It Isn’t Easy Socializing A Feral Kitten. Luckily, This Shelter Has A Kitten Björn!Adam Greene
Everyone has heard of BabyBjörns. It’s fairly common to see a newborn riding in one on their parent’s chest, smiling and having the time of their life. The reason behind these carriers is to help bonding and socializing. And recently, the success of the BabyBjörn inspired Animal Rescue League of Boston to do something similar to help a type of guest they see far too often—feral kittens!
ARL wanted to find a way to acclimate feral kittens to humans to improve their chances at adoption. However, cats are not always the quickest to socialize and accept people. That is where the Kitten Björn comes in.
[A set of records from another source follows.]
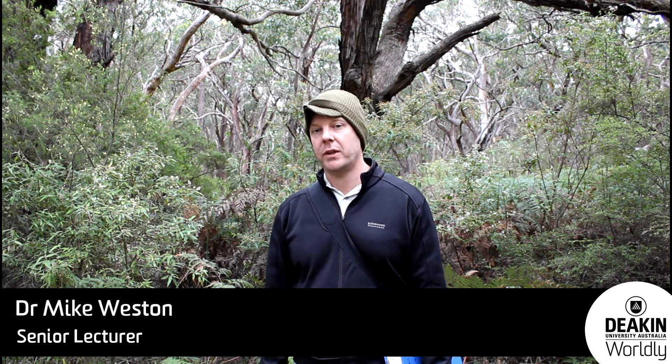Welcome to Wildlife Field Studies, a third year unit at Deakin University's Bachelor of Environmental Science, Wildlife and Conservation Biology. Students behind me are surveying for koalas and doing many other things in the magnificent Otway Ranges National Park.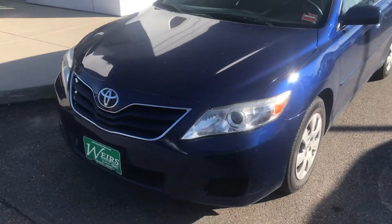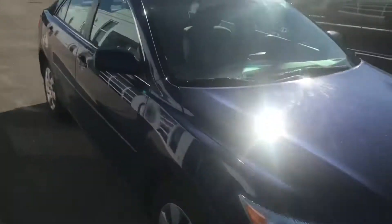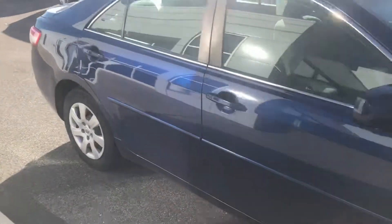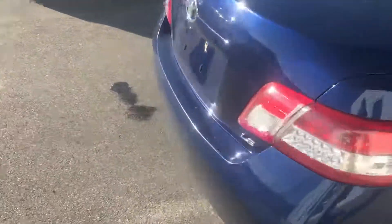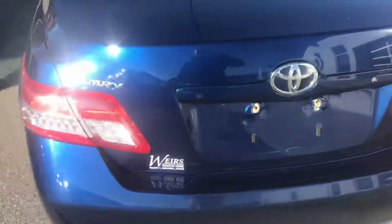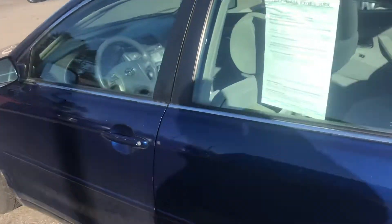Hey, good morning Chad, this is Dan over at Weir's Buick GMC. Just wanted to send you over a quick video of our 2010 Toyota Camry — it's got about 126,000 miles on it, it's the LE trim package. Very nice vehicle, very clean on the inside. Give you a look here — it's got the nice gray interior cloth.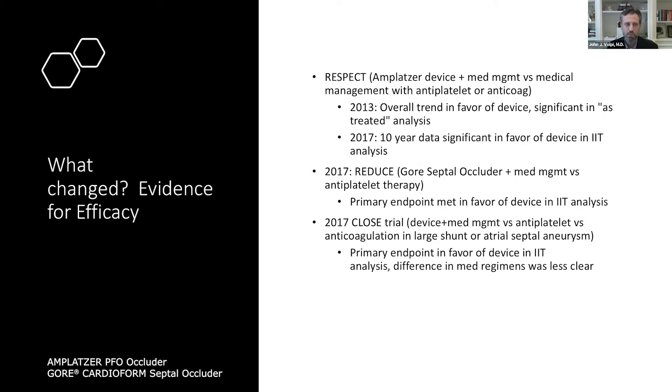2017 was really the big year for the evidence change. That same year, the REDUCE trial came out, also in the New England Journal — using the Gore Cardioform Septal Occluder. In that study, the comparison was device plus medical management versus antiplatelet therapy alone. One key difference from RESPECT is that the medical management in REDUCE was limited to antiplatelet therapy, while RESPECT allowed anticoagulation at the practitioner's discretion. The REDUCE trial showed the primary endpoint was met in favor of device in the intention-to-treat analysis.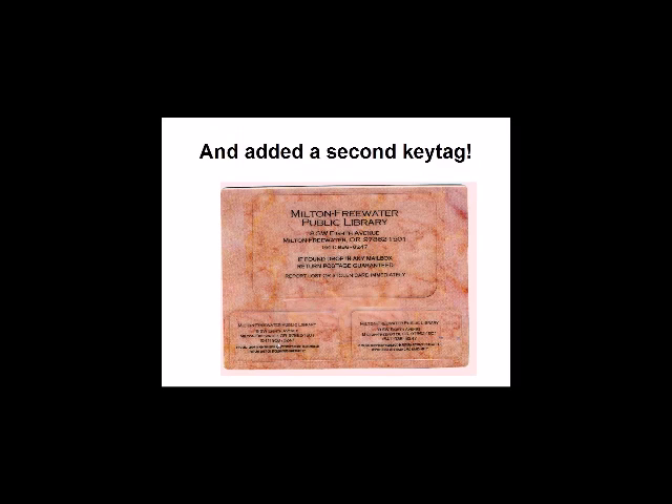Another great thing about the key tags: they had the statement, 'If found, drop in any mailbox, return postage guaranteed.' So if you lost your keys — whether locally or across the country — if somebody threw them in a mailbox, they would come back to us. We'd scan the barcode and say, we have your keys here. At least once or twice a year that still happens. The post office charges us a little bit, and we just charge the patron, who is generally really happy to have their keys back.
Far too often, feral cats can’t be socialized to become house cats. As they age, it becomes more and more difficult. However, kittens four months and under can absolutely become loving and perfect pets. It takes a lot of time and exposure to people, however, something every shelter wants to do, but is often too pressed for time to actually do it.
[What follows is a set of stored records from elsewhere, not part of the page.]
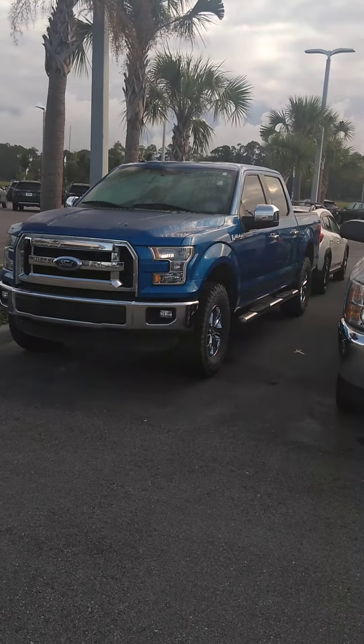Hi Bruce. Just wanted to show you this blue F-150 that you inquired about.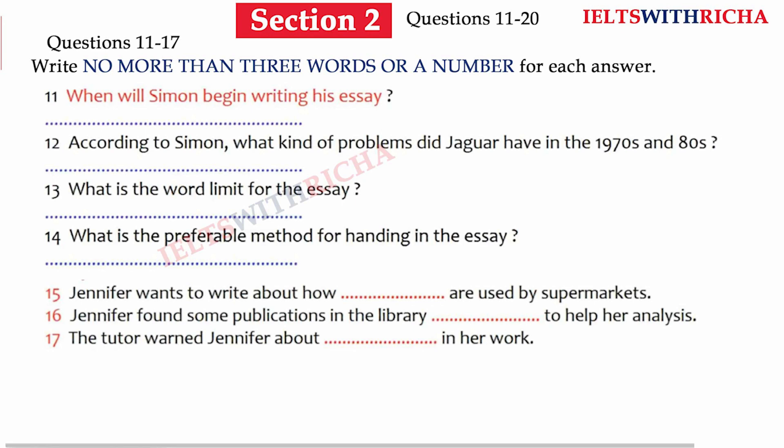Good morning, everyone. In today's tutorial, we're going to discuss the essays that you have to submit by the end of next week. Some of you will have already started them, which is good. And if you haven't, well, that's OK, but you'll have to get a move on. So, let's begin with you, Simon. What's happening with you?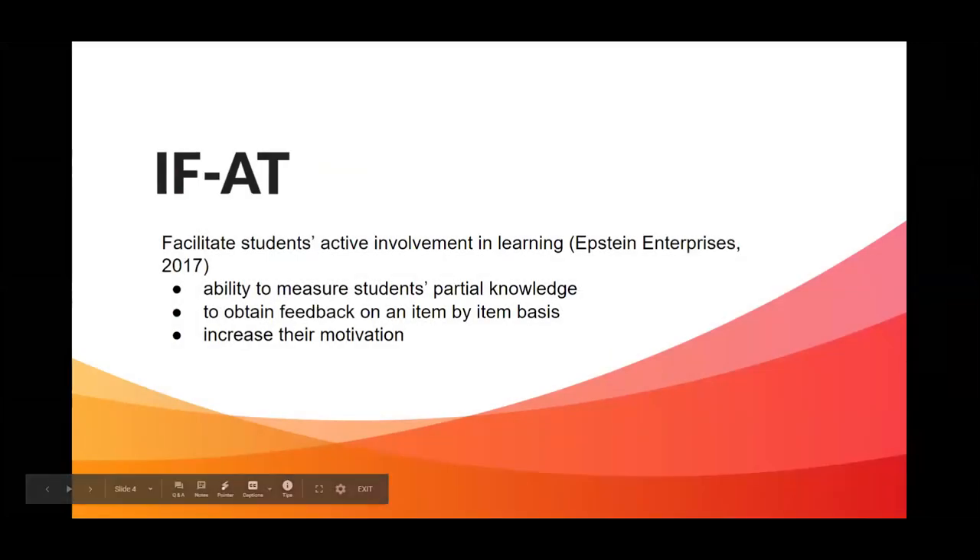The literature shows there are many advantages with this technique. It facilitates students' active involvement in learning through the ability to measure partial knowledge, since students answer some questions correctly and learn how to answer others correctly throughout the process. It also allows them to obtain feedback on an item-by-item basis — they don't have to wait until the instructor finishes marking the quiz a week later. The discussion itself also shows improvements in student motivation.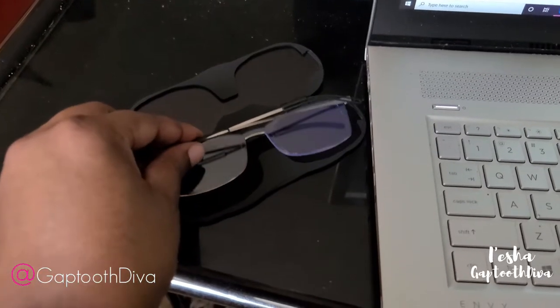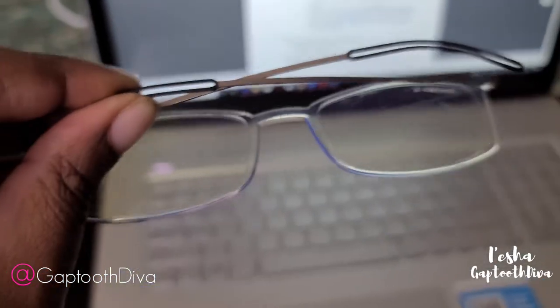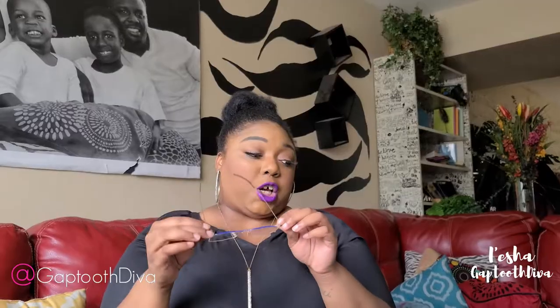They are great for everyone in the family. They are made with durable, high quality FDA approved lenses, and they are available in four different strengths. The computer glasses are available without reading glasses strength. They have a 30 day perfect fit money back guarantee.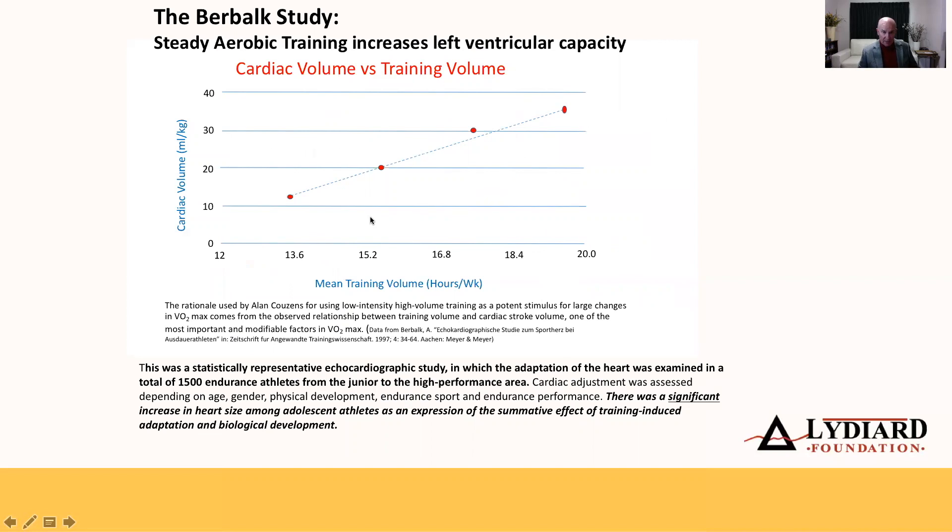The left ventricle will grow in its capacity over a training lifetime quite significantly. This is the Burbock study - a study of 1,500 endurance athletes from junior to high performance level, done by Alicia Burbock, a physiologist, around 1997. It shows quite significantly how aerobic volume of training - with almost no high-intensity training - has a near-linear relationship to actual cardiac volume, or the capacity of the left ventricle. As training hours per week increase, there's a direct correlation with average measured capacity.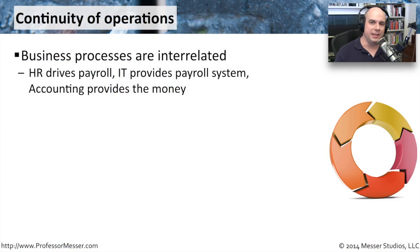A business and organization is not just the IT department. It's not just the HR department. It's not just the finance department. A lot of these processes that we're doing day to day in our organizations involve a lot of different people in a lot of different departments. The HR, for instance, drives the payroll process.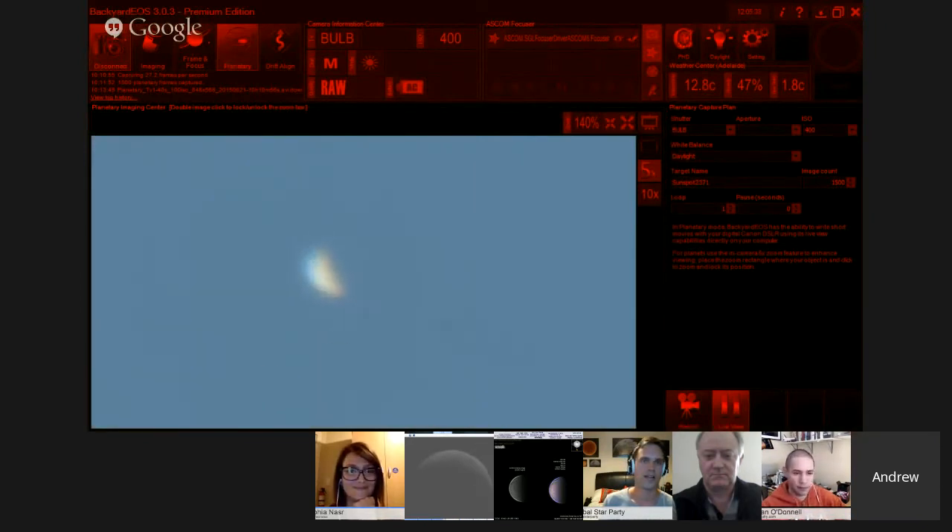How far off the horizon currently is Venus for you, Andrew? It's currently 18 degrees above the horizon. So not massively high — and I assume this is why we're seeing that kind of red-blue split coming in from the right there. That could be because of the poor quality Barlow I'm using as well. We'll blame the seeing for this one.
When ARL invented the Kitten Björn 10 years ago, they were unsure of how the device would do in the field. The upsides were quickly apparent. Shelter workers could carry around the kittens for the majority of their day without it interfering with their work. The kittens became used to the world around them, absorbing all the stimuli of the shelter, and were able to safely interact with other animals employees were working with. ARL thought it would help, but they had no idea just how much.
“Turnaround for socialization can be fairly quick, with the sign of success being when the kitten begins to purr,” said Michael DeFina, communications and media relations officer at ARL Boston. “Sometimes a kitten will begin purring after just an hour, sometimes it takes a couple of days, but during the seven years of their use, they have shown to be effective in trying to quickly socialize kittens.”
What used to take weeks now takes next to no time at all. In fact, ARL has gotten the turnaround time to an average of 48 hours! While they only have a few vests on hand, they hope to make more and expand their ability to help even more kittens find forever homes. If we’re really lucky, perhaps they will release a version we can all buy and carry our kittens around the house with us!